We consider direct-detection searches for sub-GeV dark matter via electron scatterings in the presence of large interactions between dark and ordinary matter. Scatterings both on electrons and nuclei in the Earth's crust, atmosphere, and shielding material attenuate the expected local dark matter flux at a terrestrial detector, so that such experiments lose sensitivity to dark matter above some critical cross section. We study various models, including dark matter interacting with a heavy and ultralight dark photon, through an electric dipole moment, and exclusively with electrons. For a dark-photon mediator and an electric dipole interaction, the dark matter-electron scattering cross-section is directly linked to the dark matter-nucleus cross section, and nuclear interactions typically dominate the attenuation process. We determine the exclusion bands for the different dark-matter models from several experiments - SENSEI, CDMS-HVeV, XENON10, XENON100, and DarkSide-50 - using a combination of Monte Carlo simulations and analytic estimates. We also derive projected sensitivities for a detector located at different depths and for a range of exposures, and calculate the projected sensitivity for SENSEI at SNOLAB and DAMIC-M at Modane.
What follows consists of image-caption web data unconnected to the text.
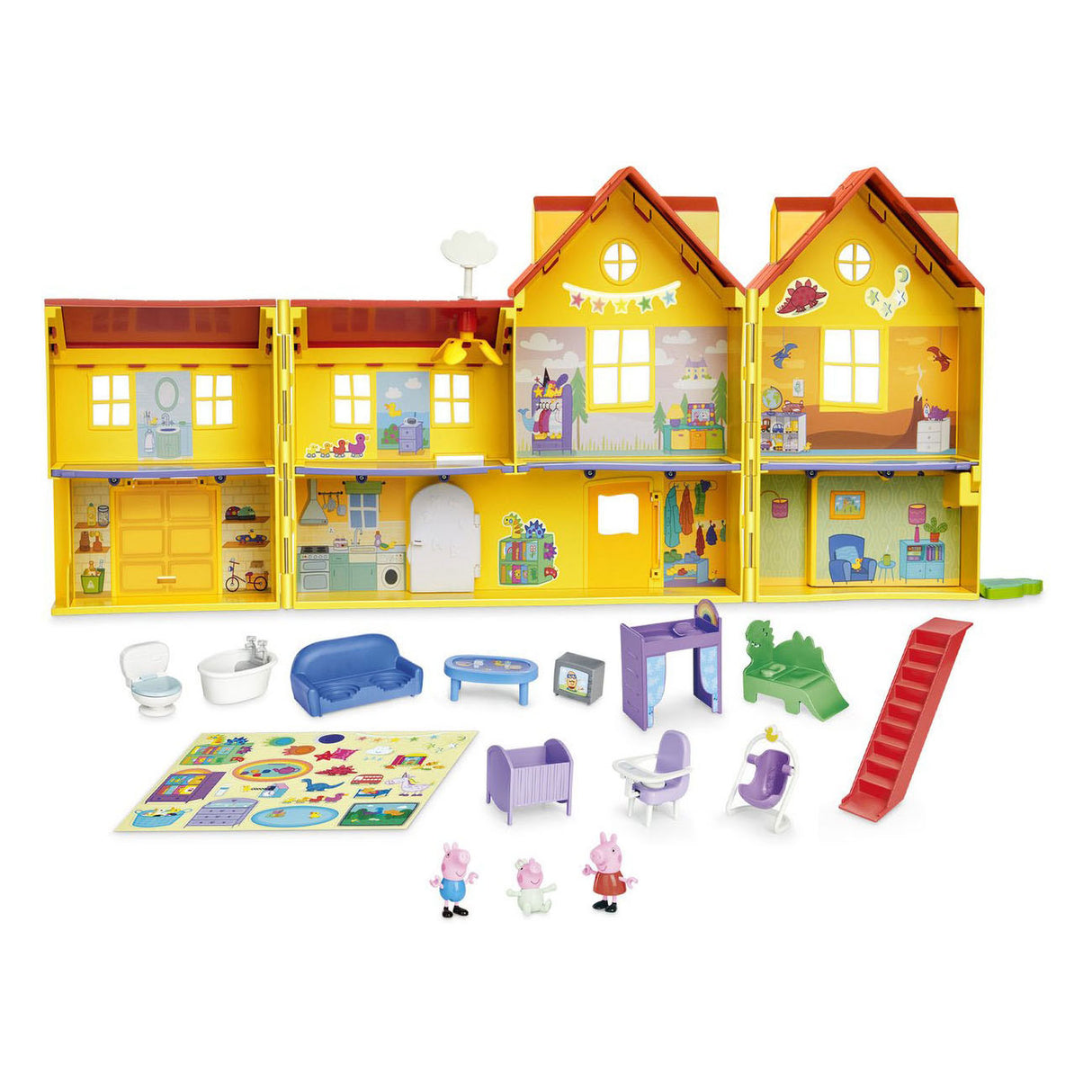 Hasbro peppa pig peppa's grote familiehuis - 16dlg.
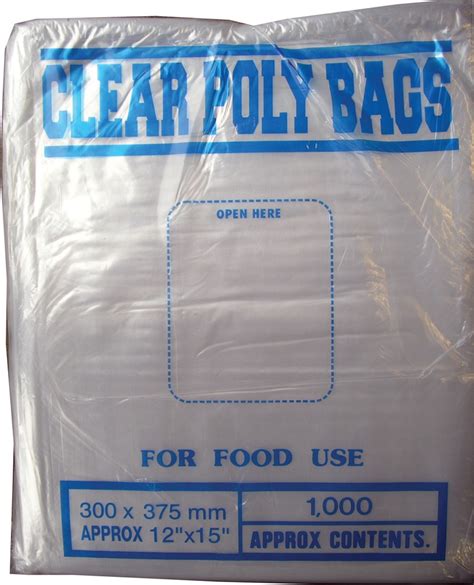 Norwich Wholesale Pack Of 1000 Clear Poly Bags For Food Use
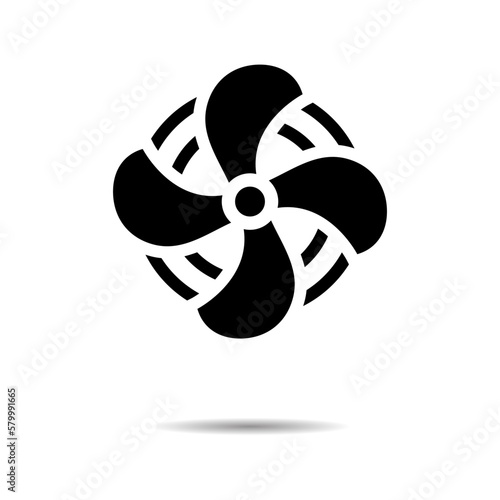 Heating unit vector icon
Finally, we discuss the reach to high cross sections and the modulation signature of a small balloon- and satellite-borne detector sensitive to electron recoils, such as a Skipper-CCD. Such a detector could potentially probe unconstrained parameter space at high cross sections for a sub-dominant component of dark matter interacting with a massive, but ultralight, dark photon.
- dark matter experiments
- dark matter theory